*** DATA LISTING ***

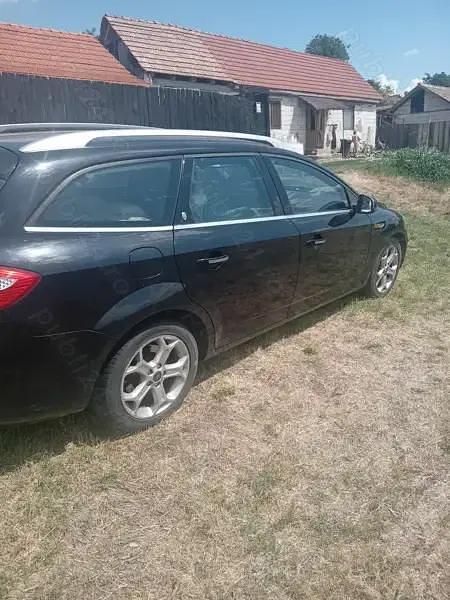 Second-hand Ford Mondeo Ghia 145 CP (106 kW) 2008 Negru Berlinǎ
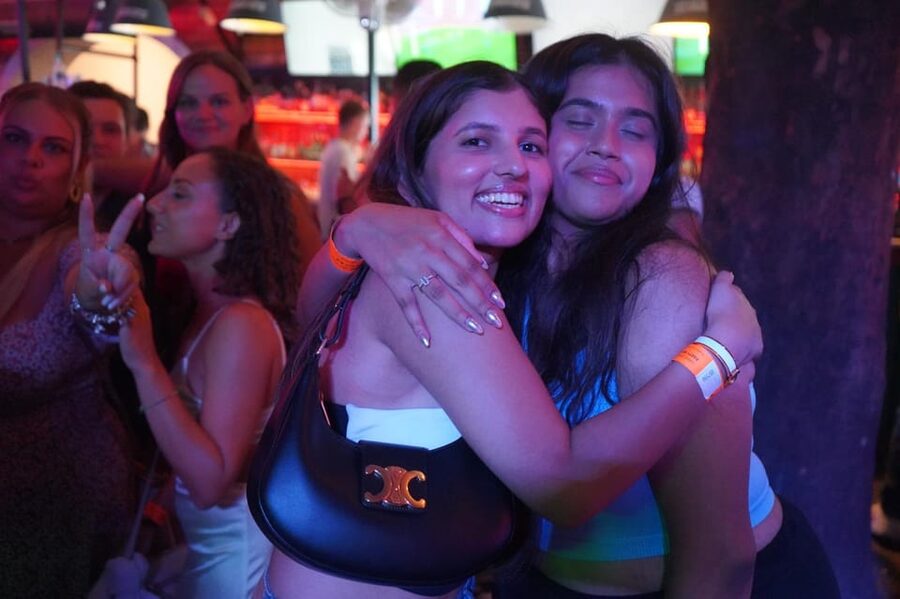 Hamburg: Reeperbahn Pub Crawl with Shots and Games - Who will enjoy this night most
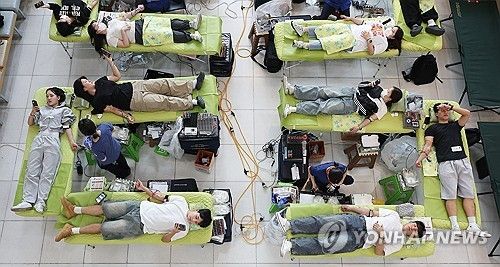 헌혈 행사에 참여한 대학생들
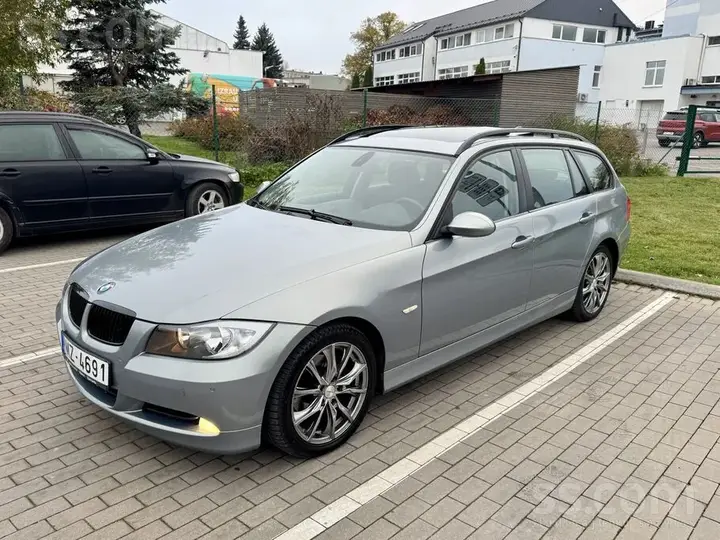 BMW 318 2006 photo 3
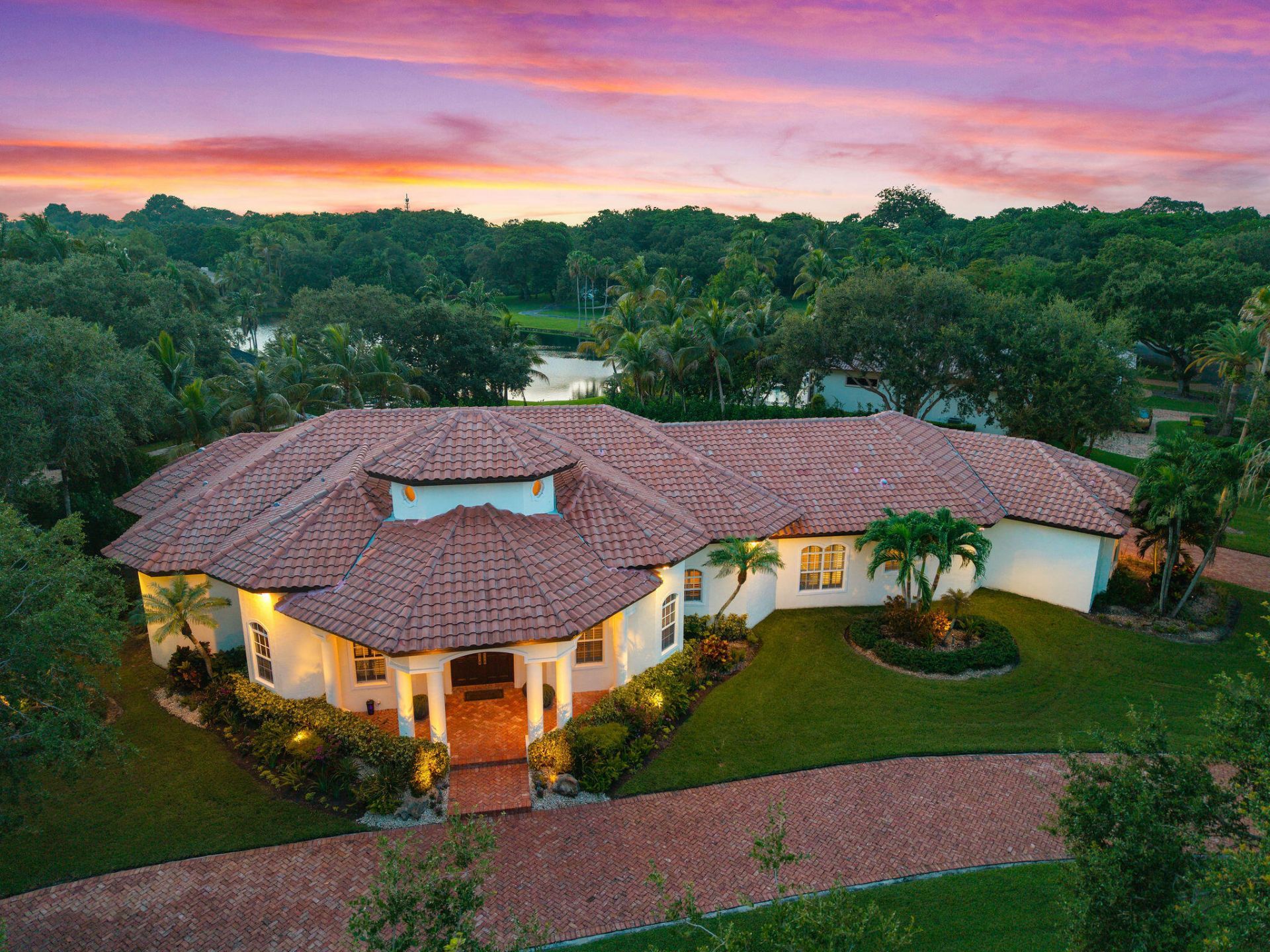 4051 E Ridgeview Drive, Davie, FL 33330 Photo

*** End of DATA LISTING ***

The answer must be an exact transcription of the lines from the one holding "Hamburg: Reeperbahn Pub" to the last line of the entries above, with no pictures and nothing else.

» RESPONSE
 Hamburg: Reeperbahn Pub Crawl with Shots and Games - Who will enjoy this night most
 헌혈 행사에 참여한 대학생들
 BMW 318 2006 photo 3
 4051 E Ridgeview Drive, Davie, FL 33330 Photo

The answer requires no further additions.